**What you have to do:** Each entry that follows is to be duplicated exactly, without its images.

**Material for the task:**
━━━━━━

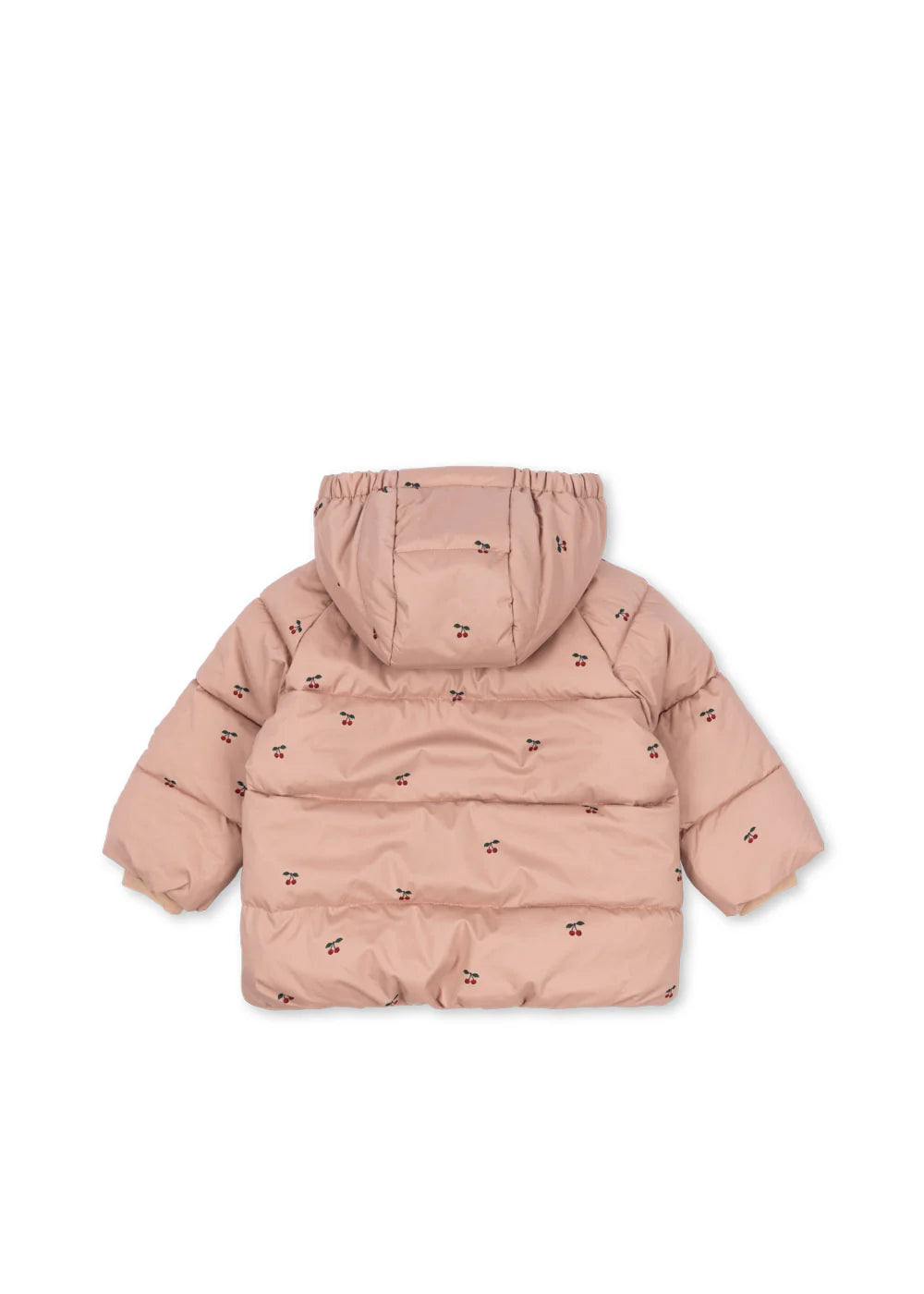 Konges Slojd/NUKA JACKET/チェリー柄アウター 【2歳/3歳/4歳】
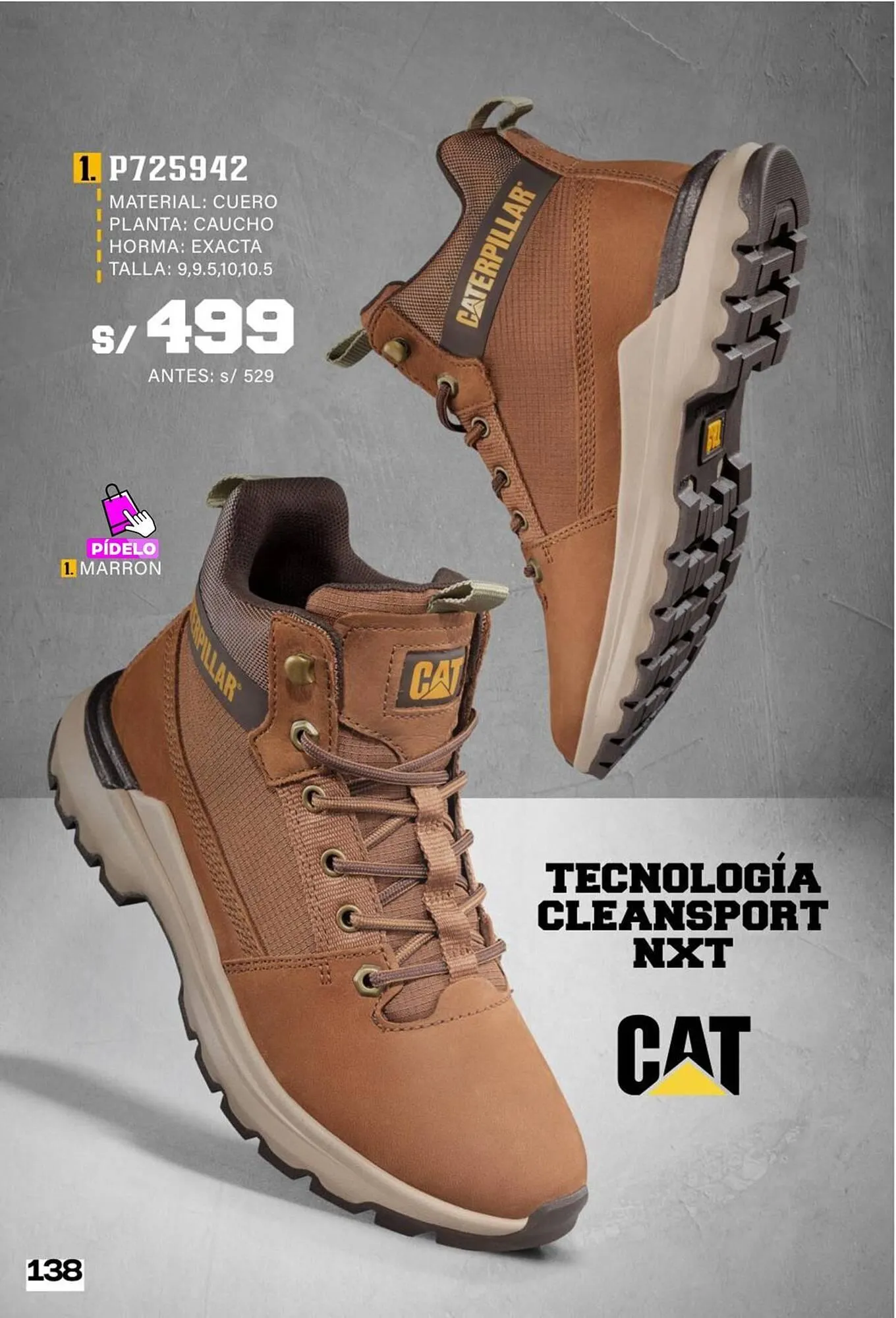 Catalogo de Catálogo Sokso 16 de febrero al 5 de abril 2026 - Pag 138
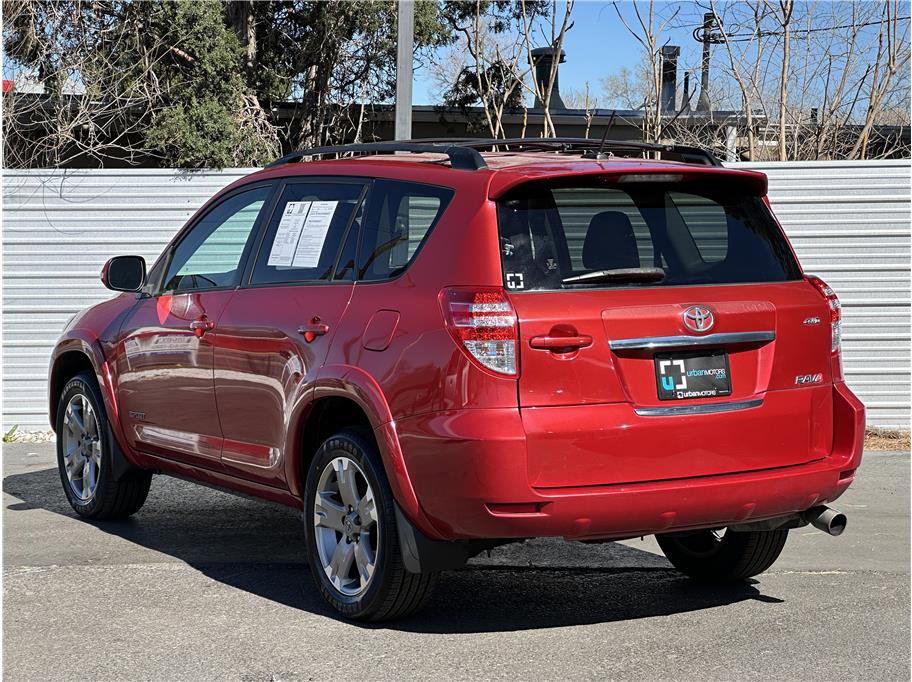 Used 2012 Toyota RAV4 Sport w/ Appearance Pkg image 12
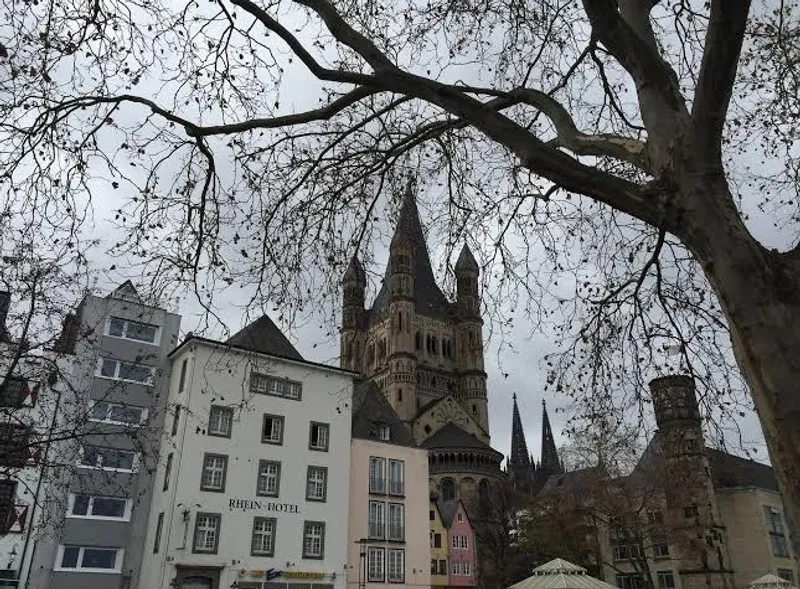 Hotel Römerhafen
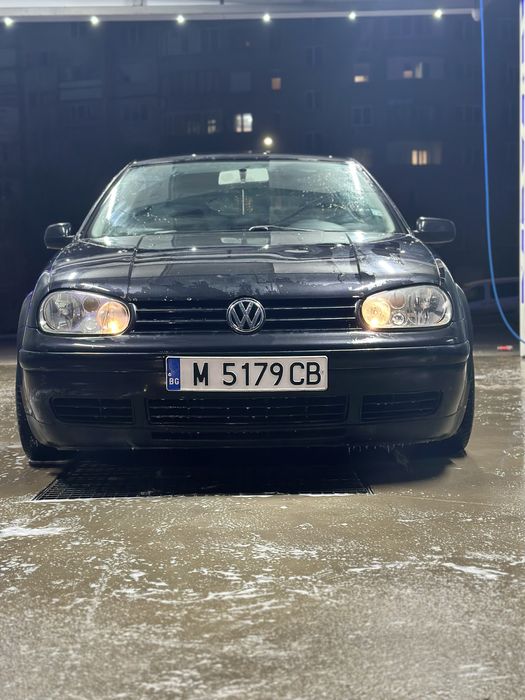 Голф 4 1,9 ТДИ 90 коня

━━━━━━

**Answer space:**
 Konges Slojd/NUKA JACKET/チェリー柄アウター 【2歳/3歳/4歳】
 Catalogo de Catálogo Sokso 16 de febrero al 5 de abril 2026 - Pag 138
 Used 2012 Toyota RAV4 Sport w/ Appearance Pkg image 12
 Hotel Römerhafen
 Голф 4 1,9 ТДИ 90 коня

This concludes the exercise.